School at Work
Jenifer Johnston, who works as an environmental associate in the emergency room at Wheaton Franciscan-All Saints hospital, 3801 Spring St., is a recent graduate of the School at Work program. She helps prepare treatment rooms in the Emergency Care Center for the next patient. / Mark Hertzberg mhertzberg@journaltimes.com Mark Hertzberg

RACINE - After 16 years working in entry-level positions in the health care field, Audrey Swoops decided it was time to make some changes. Swoops, 52, had been thinking about ways to advance herself when she read about a new program being offered by her employer, Wheaton Franciscan Healthcare-All Saints.

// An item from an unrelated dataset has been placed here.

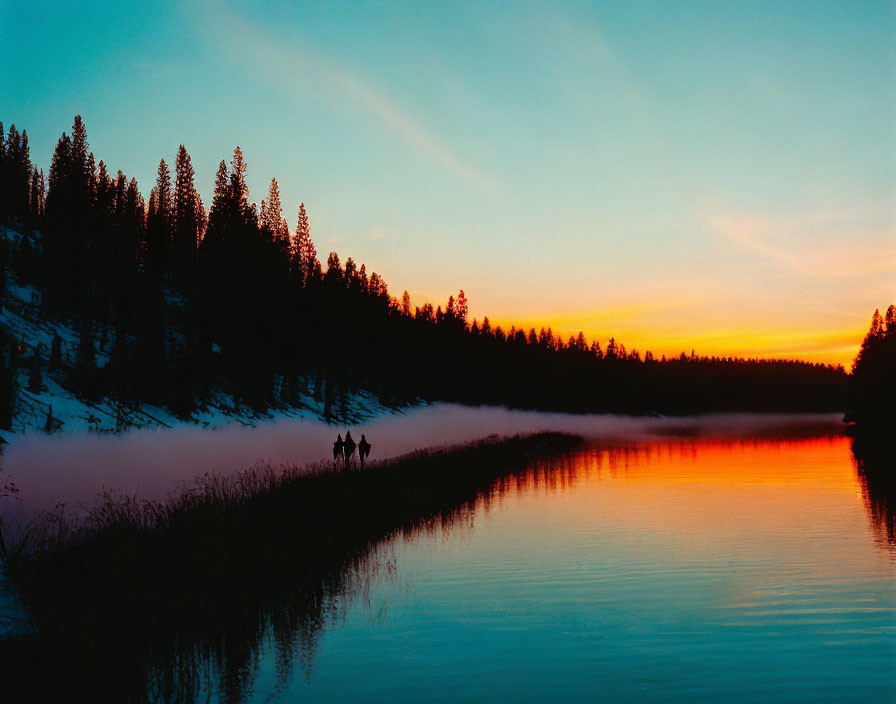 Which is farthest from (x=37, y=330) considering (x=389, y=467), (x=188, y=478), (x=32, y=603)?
(x=32, y=603)

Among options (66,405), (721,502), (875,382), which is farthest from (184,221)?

Called School at Work, the program is an on-site educational opportunity for Wheaton Franciscan Healthcare associates in entry-level positions. It aims to improve employees' readiness both for further schooling and other career opportunities in the health care field, according to WFH. The eight-month program combines classroom work, online training and homework focusing on math, grammar, medical terminology, anatomy and physiology, and other subjects necessary for success in a health care career.

For Swoops, School at Work was a "truly amazing" experience.

"It opened me up to a lot of things I had forgotten about," said the Racine resident who currently works both as a unit assistant in WFH-AS' Emergency Care Center and as an information desk concierge at the Spring Street medical center.

The grammar studies, for example, have helped Swoops improve her communication and emailing skills, she said. And all of her School at Work experiences have bolstered her confidence for courses she is enrolled in at Gateway Technical College, working toward a medical assistant technical diploma.

"I even learned stuff to advance myself outside my job," she said.

School at Work has also been a boost for Jenifer Johnston of Sturtevant. Johnston, who recently earned her certification as a nursing assistant (CNA), has worked as an environmental services (housekeeping) associate in WFH-AS' Emergency Care Center for two years. Her ultimate goal is to get a nursing degree and pursue a career as an emergency room nurse. The 39-year-old said she enjoys working in the fast-paced atmosphere of the ER and appreciates the teamwork involved in caring for patients there.

School at Work, which she completed a few months ago, served as a great refresher for her math, English, medical terminology - and even typing - skills as she works her way toward nursing school, she said.

"It is a good stepping stone for the anatomy and physiology courses I'll need to take."

Both she and Swoops also praised the School at Work study materials, saying that they were easy to understand and "down-to-earth."

"Even if you think you can't do it - that you don't have it in you to go back to school, you should give it a try," said Swoops. "The books they give you break it down so that you can understand everything."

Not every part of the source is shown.